We just completed awarding our last grants of 2014 at the RFC. In all, seven new grantees joined the RFC community this fall (five families and two targeted activist youth). I described some of these families in an earlier post here). The additional new grantees include:
- The three-year-old son whose mother is a human rights activist. As a teenager she worked for environmental justice and against police brutality and faced harassment and abuse by law enforcement on several occasions. She’s also been an active supporter of prisoners’ rights and for years has worked with an incarcerated political prisoner on several projects including providing alternative programming for inmates. The warden was supportive of the program, but when it became more successful both the warden and the inmate were transferred. She was denied visitation, accused of illegal conspiring with a prisoner, and threatened with prosecution and incarceration. An RFC grant will provide childcare with an artistic and cultural focus for her son, who has suffered through family disruption and trauma as a result of the targeting his mother experienced.

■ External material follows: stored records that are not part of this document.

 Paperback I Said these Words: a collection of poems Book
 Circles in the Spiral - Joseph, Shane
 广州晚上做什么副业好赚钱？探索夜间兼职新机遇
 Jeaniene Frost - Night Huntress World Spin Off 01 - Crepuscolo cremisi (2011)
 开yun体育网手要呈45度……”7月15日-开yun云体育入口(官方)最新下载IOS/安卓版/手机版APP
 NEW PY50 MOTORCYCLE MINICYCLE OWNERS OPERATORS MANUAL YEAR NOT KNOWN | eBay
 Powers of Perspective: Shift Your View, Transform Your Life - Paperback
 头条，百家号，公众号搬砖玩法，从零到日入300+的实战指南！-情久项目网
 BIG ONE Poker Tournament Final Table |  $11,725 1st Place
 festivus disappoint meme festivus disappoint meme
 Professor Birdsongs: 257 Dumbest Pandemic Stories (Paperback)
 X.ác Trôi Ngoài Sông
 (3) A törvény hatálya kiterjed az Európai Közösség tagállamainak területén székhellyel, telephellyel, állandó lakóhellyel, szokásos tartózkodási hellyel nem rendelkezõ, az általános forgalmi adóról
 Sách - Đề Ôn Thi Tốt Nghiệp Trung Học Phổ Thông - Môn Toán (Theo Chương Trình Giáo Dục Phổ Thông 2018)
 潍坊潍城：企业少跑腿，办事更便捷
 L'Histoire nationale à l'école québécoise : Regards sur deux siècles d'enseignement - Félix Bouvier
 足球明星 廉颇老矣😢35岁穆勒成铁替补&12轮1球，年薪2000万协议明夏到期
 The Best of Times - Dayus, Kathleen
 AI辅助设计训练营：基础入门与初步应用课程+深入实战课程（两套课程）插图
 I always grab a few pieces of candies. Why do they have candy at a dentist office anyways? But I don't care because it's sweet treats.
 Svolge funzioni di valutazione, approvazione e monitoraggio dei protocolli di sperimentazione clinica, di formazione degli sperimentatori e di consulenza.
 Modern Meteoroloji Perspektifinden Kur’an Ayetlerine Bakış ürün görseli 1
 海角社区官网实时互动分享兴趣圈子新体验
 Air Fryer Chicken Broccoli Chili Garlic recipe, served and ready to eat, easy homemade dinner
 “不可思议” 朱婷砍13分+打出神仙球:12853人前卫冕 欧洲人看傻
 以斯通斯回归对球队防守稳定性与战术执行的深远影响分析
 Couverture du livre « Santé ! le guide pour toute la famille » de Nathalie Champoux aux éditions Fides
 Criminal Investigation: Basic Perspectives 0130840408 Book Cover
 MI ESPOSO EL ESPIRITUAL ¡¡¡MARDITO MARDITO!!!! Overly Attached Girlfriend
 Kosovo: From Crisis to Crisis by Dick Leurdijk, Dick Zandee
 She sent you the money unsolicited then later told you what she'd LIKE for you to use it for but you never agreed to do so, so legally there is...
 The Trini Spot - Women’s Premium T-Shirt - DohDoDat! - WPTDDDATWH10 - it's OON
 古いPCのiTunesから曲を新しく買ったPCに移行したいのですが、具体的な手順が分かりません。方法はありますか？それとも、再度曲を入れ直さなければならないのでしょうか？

- A 23-year-old targeted activist youth who was threatened with a subpoena by the FBI to appear before a Grand Jury investigating May Day protests in 2012. Activists in the community considered the investigation an attack on several local social justice groups. With the support of his community he chose to flee the country and live in Canada for 20 months to avoid the subpoena. While in Canada he was continually harassed by police and Canadian Secret Intelligence Service. He also had to suffer the separation from his family while they coped with his brother’s death and funeral. He returned to the U.S. once the investigation had ended. He continues to be harassed by the FBI and is unable to find a steady job. A $1000 Development Grant will support his emotional and educational needs, including tuition for him to take a training course in conflict resolution. OR
- The twin six-year-old son and daughter of a former political prisoner who was incarcerated for more than 11 years as a result of actions taken to oppose U.S. support for South Africa’s apartheid regime. After his release from prison, the activist father dedicated himself to anti-death penalty work, an end to isolation and control units, and campaigns for the release of political prisoners in the U.S. He faced ongoing harassment and surveillance from law enforcement agencies. The Dept. of Homeland Security identified him as a potential terrorist, and two major cities’ newspapers plus a national television news program identified him as a “terrorist.” He has been unable to maintain full-time employment since his release from prison despite obtaining certification in his field; on two separate occasions he lost jobs when the FBI called his employer. His children have suffered from the targeting and experienced harassment at school for refusing to say the pledge of allegiance (one teacher tried to physically force his son to place his hand over his heart). An RFC grant will allow the children to attend a progressive school that believes “ethnically abundant educational community enhances the quality of a child’s academic and intellectual experience.” MA
We welcome all the new members of the RFC Family and thank our supporters for making it possible for us to stand with them.